Once sovereignly regenerated, the person is presumably able, under the influence of Irresistible Grace, to believe the gospel and thereafter to serve Christ from the heart. Yet grace is evidently no longer possible irresistibly upon the elect once they are regenerated, since they do not always behave as they should, much less to perfection.

Scripture does describe in very clear terms the Christlike life that believers are to live:

Therefore if any man be in Christ, he is a new creature: old things have passed away; behold, all things are become new. Christ liveth in me.... For we are his workmanship, created in Christ Jesus unto good works, which God hath before ordained that we should walk in them. For it is God which worketh in you both to will and to do of his good pleasure.... Every one that doeth righteousness is born of him.... Whosoever abideth in him sinneth not...greater is he that is in you than he that is in the world...." (2 Cor. 5.17; Gal. 2.20; Eph. 2.10; Phil. 2.13; 1 John 2.29; 3.6; 4.4)
The Calvinist cannot point to any passage in the Bible that clearly states that grace is irresistible or that God imposes it upon the elect who otherwise could not believe the gospel. Yet many passages such as the above clearly state that God intends Christ-likeness for those who are regenerated. Then why don't Christians perfectly perform the "good works, which God hath before ordained" for them (Eph. 2.10)?

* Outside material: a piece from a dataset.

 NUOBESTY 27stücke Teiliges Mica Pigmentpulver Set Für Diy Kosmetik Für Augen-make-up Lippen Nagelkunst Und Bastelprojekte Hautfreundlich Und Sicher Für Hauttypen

If God irresistibly imposes His grace upon the "totally depraved" to regenerate them, why doesn't He impose it upon the regenerated unto perfection in Christian living? There is no biblical answer to this question if we deny free will and accept theory of Irresistible Grace.

How could God's sovereignty completely override human moral responsibility and choice, as the Calvinist insists, to the extent that man has no choice when it comes to salvation--and yet the elect are able to resist God's grace and His will and thus often fail to do the good works that God has ordained for them?

I can imagine a cult that could exist that would teach just these things to the extent that the person could lose salvation after being regenerated calvinistically. That god would be no less twisted that the twisted god of calvinism.